● **AIM OF THE EXERCISE**
Return only the lines of the listing below that run from the line with "HOMCOM Carro de" through the line with "Maxim Lighting Charlton", both ends included, exactly as written.

● **EXERCISE DATA**
⟨

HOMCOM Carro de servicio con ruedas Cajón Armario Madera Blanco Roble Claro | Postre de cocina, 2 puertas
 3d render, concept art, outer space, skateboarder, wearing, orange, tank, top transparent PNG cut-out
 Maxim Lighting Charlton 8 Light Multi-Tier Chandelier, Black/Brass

⟩
⟨

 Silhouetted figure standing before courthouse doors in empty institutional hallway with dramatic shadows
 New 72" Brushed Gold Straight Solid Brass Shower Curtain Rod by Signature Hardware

⟩

● **TASK SOLUTION**
HOMCOM Carro de servicio con ruedas Cajón Armario Madera Blanco Roble Claro | Postre de cocina, 2 puertas
 3d render, concept art, outer space, skateboarder, wearing, orange, tank, top transparent PNG cut-out
 Maxim Lighting Charlton 8 Light Multi-Tier Chandelier, Black/Brass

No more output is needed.